Ma é possibile che un vigneto sommerso nell’acqua per mesi, possa vegetare e produrre il frutto? Ebbene si! Ragionevolmente non se ne capiscono le ragioni, eppure questo straordinario fenomeno accade soltanto nei vigneti vegetanti nei pressi del lago Gurrida, il quale, nel periodo invernale esonda e causa l’allagamento delle zone circostanti, compresi i circa 25 ettari di vigneti, un tempo fiori all’occhiello dell’agricoltura locale. Guardando questi vigneti immerse quasi completamente nelle acque, si potrebbe pensare a qualcosa di suggestivo e irreale, tuttavia, è anche un buon motivo per riflettere sulla genialità della natura che ha voluto esprimere questo patrimonio, da salvaguardare per la grande capacità di questa vite di adattarsi.
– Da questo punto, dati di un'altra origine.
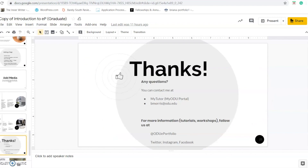I want to thank you for tuning in to this wonderful workshop. Again, if you want to contact me, you can make an appointment through MyTutor or email me at bmorris@odu.edu. For more information on tutorials, workshops, or any events happening in the studio, follow us at ODU ePortfolio on Twitter, Instagram, and Facebook. Thank you!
Per tali caratteristiche, questo vitigno costituisce un’autentica unicità e conferma che la Madre Natura non si tira mai indietro di fronte ad una sfida, è talmente imprevedibile e capace di adattarsi a situazioni cosi estreme che spesso nessuno riesce ad immaginare di cosa essa sia capace.
Oggi purtroppo, questi vigneti hanno poca evidenza produttiva, tuttavia, i tempi in cui la produzione vinicola era in auge, sono testimoniati dalla storica e capiente cantina esistente all’interno dell’Azienda Gurrida. Si tratta di una sorta di museo del vino, dove potere ammirare i palmenti in muratura, le macchine e l’attrezzatura enologica e le grandi botti in legno di castagno dell’Etna dove veniva conservato il vino. Agli inizi del secolo scorso il vino, attraverso una locomotiva privata dell’Azienda e collegata con una piccola stazione della Ferrovia Circumetnea realizzata appositivamente nei pressi della proprietà, trasportava il vino nei porti di Catania e di Riposto, per poi proseguire verso i mercati italiani ed esteri. Sembra che nel corso della seconda guerra mondiale, questa cantina è stata il rifugio di alcuni soldati tedeschi, i quali, a colpi di pistola bucavano le grandi botti per prelevare il vino da bere e quando furono costretti a scappare incalzati dagli alleati, sversarono oltre 3 mila ettolitri di vino per terra. Le botti furono riparate ma conservano ancora gli sfregi causati dalla stupidità dei tedeschi in fuga, insomma, un museo del vino ma anche della memoria che ci riporta indietro nel tempo a ricordarci piccole e grandi storie di questo territorio e l’antica e importante produzione del vino della prestigiosa Azienda Gurrida.
In questo preciso momento storico, mi sembra doveroso riportare in questo scritto, che con grande tenacia i giovani proprietari dell’Azienda Agricola Gurrida, stanno tentando di risollevarsi e riemergere da un lungo periodo di precarietà organizzativa. Infatti, attraverso una volenterosa forma di gestione ecosostenibile con al centro la rivalutazione e la conservazione dei beni ambientali, stanno attivando alcune lodevoli iniziative di risanamento del degrado esistente, integrate con la valorizzazione delle produzioni enogastronomici del territorio, il cui prodotto di punta è il vino in quanto favorito dalle caratteristiche del terreno sopra raccontate, dunque, non solo ombre ma finalmente anche luci nascenti.